*How to complete this task*
Without the pictures, repeat all of the data exactly as it appears below.

*Information supplied*
========================================
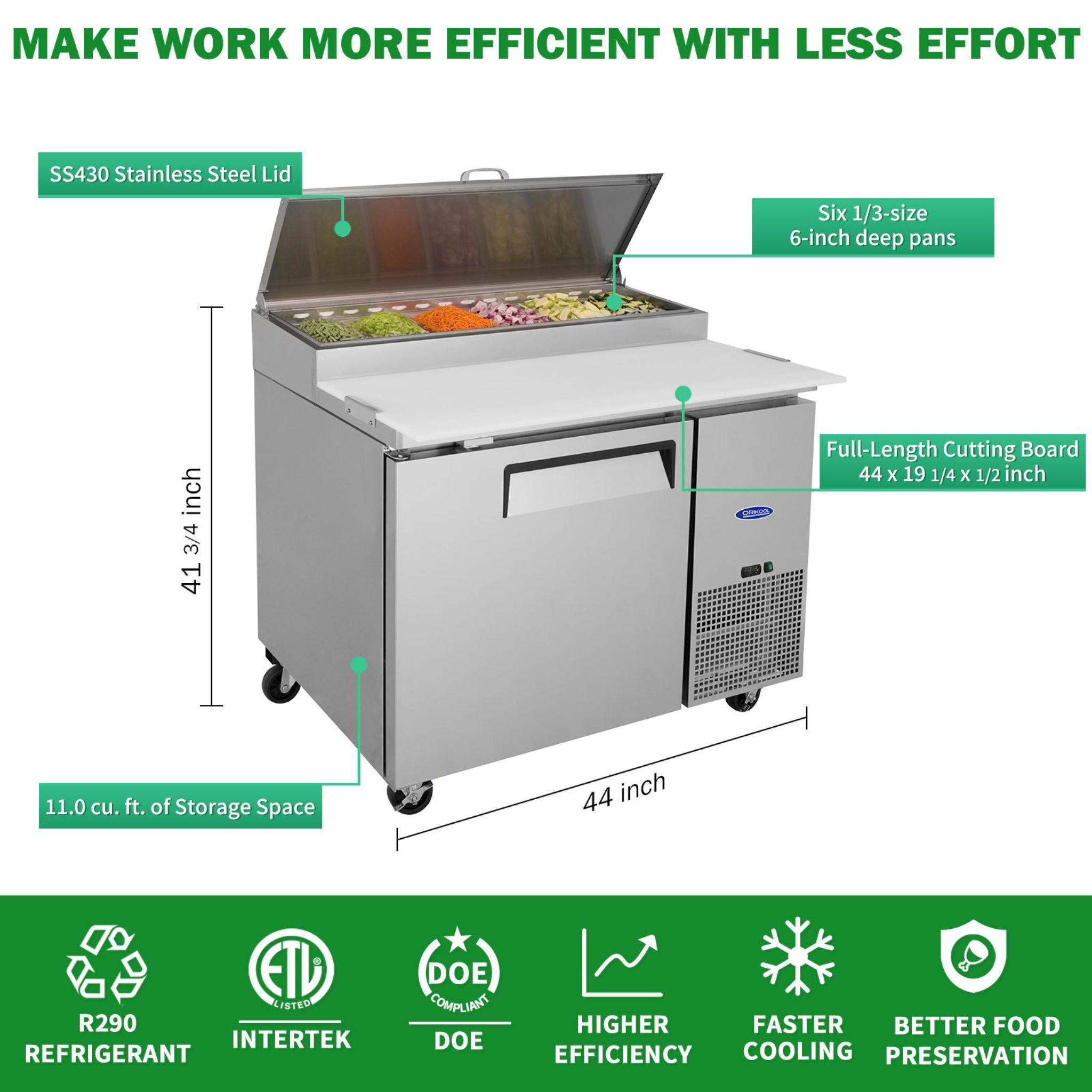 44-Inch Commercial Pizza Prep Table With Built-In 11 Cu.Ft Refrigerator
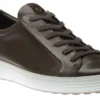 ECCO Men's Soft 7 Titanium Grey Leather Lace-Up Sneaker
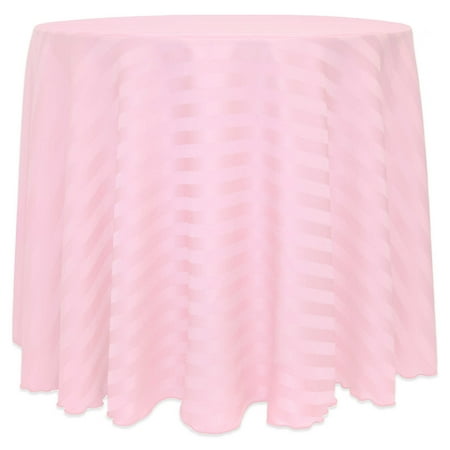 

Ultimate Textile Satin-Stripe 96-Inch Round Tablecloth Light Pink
========================================
*Finished task*
 44-Inch Commercial Pizza Prep Table With Built-In 11 Cu.Ft Refrigerator
 ECCO Men's Soft 7 Titanium Grey Leather Lace-Up Sneaker

Ultimate Textile Satin-Stripe 96-Inch Round Tablecloth Light Pink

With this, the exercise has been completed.